Im Vergleich mit seinem Debüt „This Charming Girl“, das 2005 auf der Berlinale zu sehen war, ist Lee Voon-kis dritter Film „Ad Lib Night“ (Forum) eine leise Enttäuschung. Die stärksten Szenen hat er gleich zu Beginn. Zwei junge Männer sind, mitten in Seoul, auf der Suche nach einer früheren Mitschülerin, der Tochter eines Mannes, der im Sterben liegt. In einer jungen Frau (Han Hyo-ju) glauben sie die Gesuchte zu erkennen. Sie sprechen sie an. „Ich bin es nicht, ihr müsst mich verwechseln“, sagt sie. Und doch steigt sie mit den beiden ins Auto, willigt ein, die Tochter zu spielen, die sie nicht – oder vielleicht doch? – ist. Minutenlang die Autofahrt durch Seoul, hinaus aufs Land, wo die Familie um den Sterbenden versammelt ist. Viel geschieht nicht, Gesellschafts- und Familienverhältnisse werden anskizziert, vieles bleibt absichtlich unklar. „Ad Lib Night“ beruht auf einer japanischen Kurzgeschichte, und zuletzt bekommt man doch den Eindruck, dass die Idee einen Spielfilm nicht über die volle Länge trägt.

Am anderen Ende des ästhetischen Spektrums liegt E. J-Vongs Film „Dasepo Naughty Girls“ (Panorama), eine eifrig um Transgression bemühte Adaption eines Online-Comics. Leider will die campy-kitschige Szenenrevue um die sexbesessenen Schüler einer multireligiösen Schule kaum einmal zünden, stattdessen schlingert sie als Knallchargen-Comedy mit Zyklopen und Transgender-Scherzen über die Leinwand. Inszenatorischer Aufwand und komischer Ertrag stehen so in beträchtlichem Missverhältnis.

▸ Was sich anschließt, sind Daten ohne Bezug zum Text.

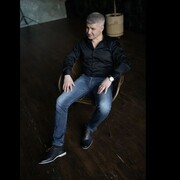  ,   Sebastian, 50 ,   ,   , c 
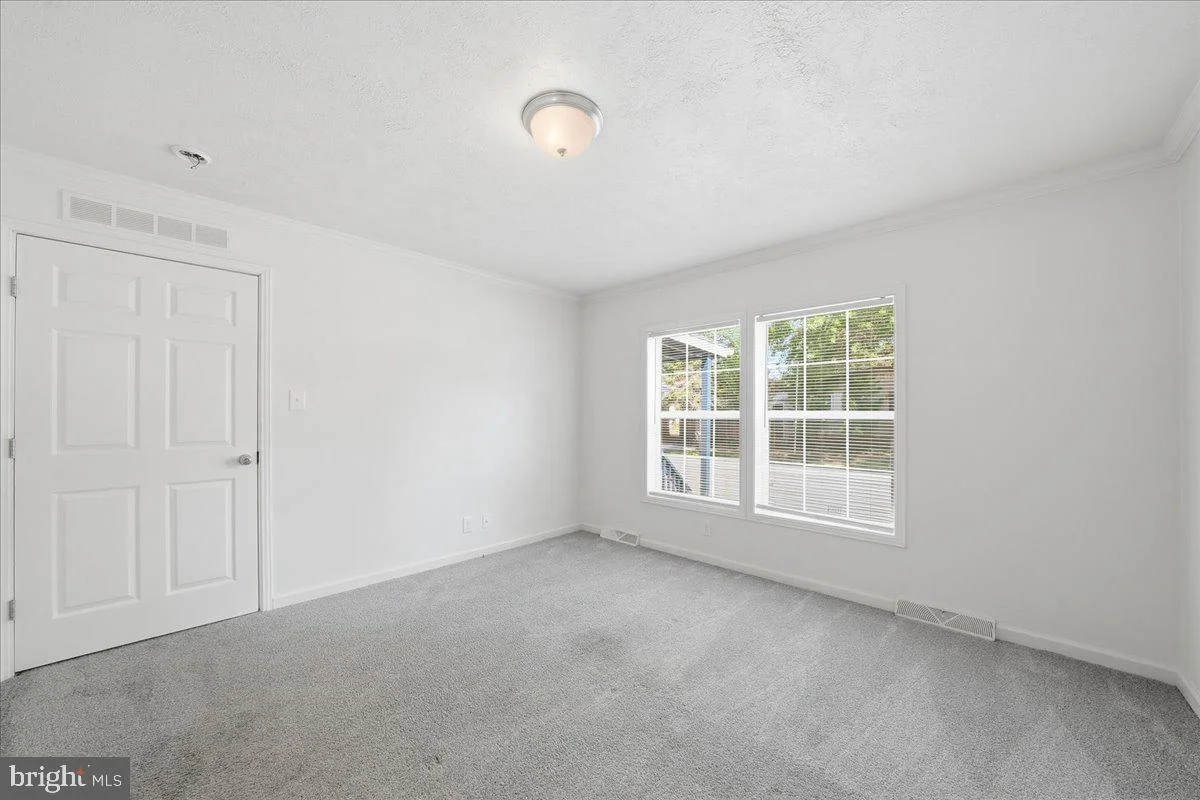 Additional image 43 of 340 Jean Bradley Circle Unit 702, Frederica, DE 19946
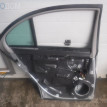Стеклоподъемник Mercedes-Benz E-класс W211/S211 (2002—2006) Mercedes-Benz E-klasse оригинальный номер 211 730 03 46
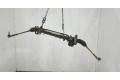    Рейка рулевая с г/у  Volkswagen Golf 4 1997-2005      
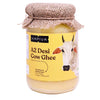 KAPIVA A2 DESI GHEE 500GMS - NutraC - Health &amp; Nutrition Store 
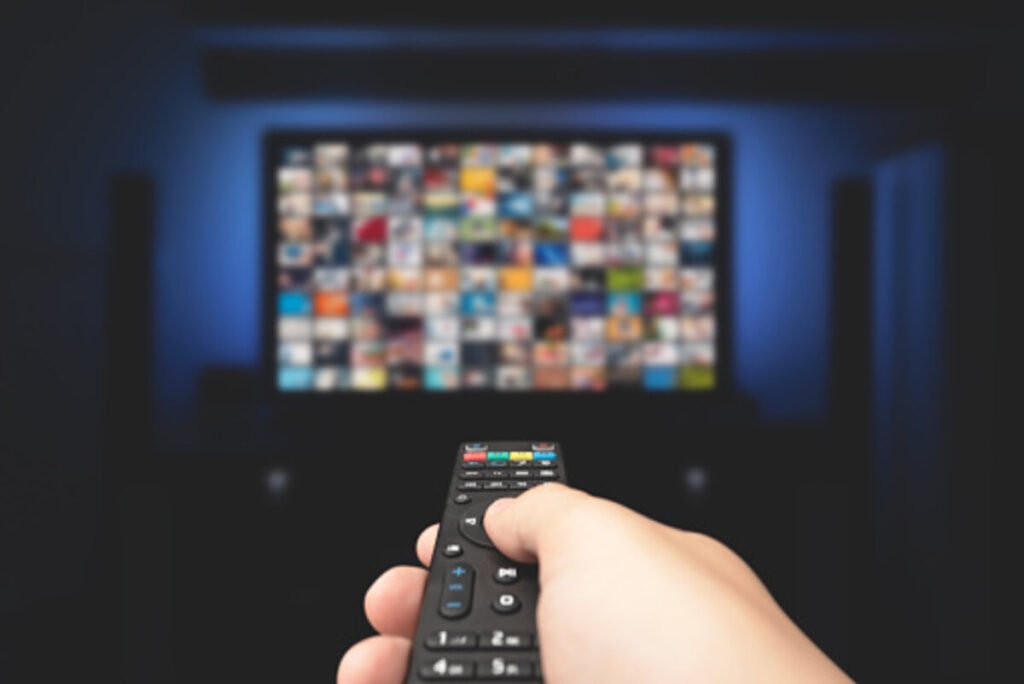 how to watch mare of easttown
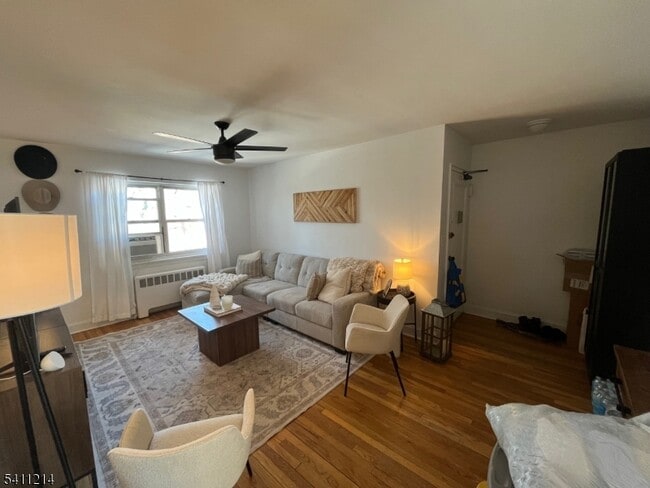 Foto del edificio - 1480 Terrace Cir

Die beiden wohl verblüffendsten koreanischen Filme im Berlinale-Programm sind Lee Hae-juns und Lee Hae-youngs „Like a Virgin“ (Generation) und Leesong Hee-ils Debüt „No regret“ (Panorama). Sie behandeln denkbar souverän die Themen Homo- und Transsexualität. Das ist umso erstaunlicher, als Homosexualität in Südkorea zwar legal ist – in Seoul existiert auch eine kleine Schwulenszene –, in der Öffentlichkeit und im Kino aber lange kaum thematisierbar war. Vor wenigen Jahren hat das spektakuläre Coming-out eines beliebten TV-Komikers die öffentliche Diskussion in Korea in Gang gebracht. Im Independent-Kino zeigt sich jetzt, wie schnell sich die Dinge entwickeln – denn von Vorsicht oder Zögerlichkeit im Umgang mit dem Tabuthema ist im Debütfilm der Regisseure Lee Hae-jun und Lee Hae-yeong nichts zu spüren. Schon in der ersten Szene singt der junge Dong-ku (Deok-hwan Ryu), des Englischen nicht mächtig, Madonnas „Like a Virgin“ schief mit. Das Schiefe und das Singen: Beides wird den Ton des Films bestimmen, der dem Traum seines Helden, eine Frau zu werden, eine Chance gibt. Unwahrscheinlich genug ist der Weg zum Erfolg. Dong-ku nämlich wird Ringer und erweist sich dabei als Naturtalent. Vom Preisgeld eines wichtigen Kampfes möchte er eine Geschlechtsumwandlung bezahlen. Der Plot erinnert an den thailändischen Film „Beautiful Boxer“ (2003); wo der aber mit queerem Glam im Ring überzeugt, setzt „Like a Virgin“ nicht weniger erfolgreich auf die Kreuzung von Alltag und Groteske.

Noch direkter nähert sich Leesong Hee-il, der erste offen schwule Spielfilmregisseur Koreas, in seinem Langfilmdebüt „No Regret“ der schwulen Liebesgeschichte um Su-min (Lee Yeong-hoon), der aus dem Waisenhaus in der Provinz nach Seoul kommt und dort als Strichjunge den reichen Jae-min (Lee Han) lieben und hassen lernt. Wie selbstverständlich zeigt Leesong schwules Begehren und schwulen Sex – und bettet den Kampf seiner Helden um die Chance für eine unmögliche Liebe in ein wenig schmeichelhaftes Porträt der koreanischen Gesellschaft. „No Regret“ ist eine echte Entdeckung – ein milieurealistisches Melodram, unkonventionell erzählt, mit abrupten Tonlagenwechseln, ohne Angst vor großen Bildern und Gefühlen. In Südkorea sorgte der Independent-Film in den wenigen Kinos, in denen er gezeigt wurde, für großen Andrang. Hier ist offenbar etwas in Bewegung geraten.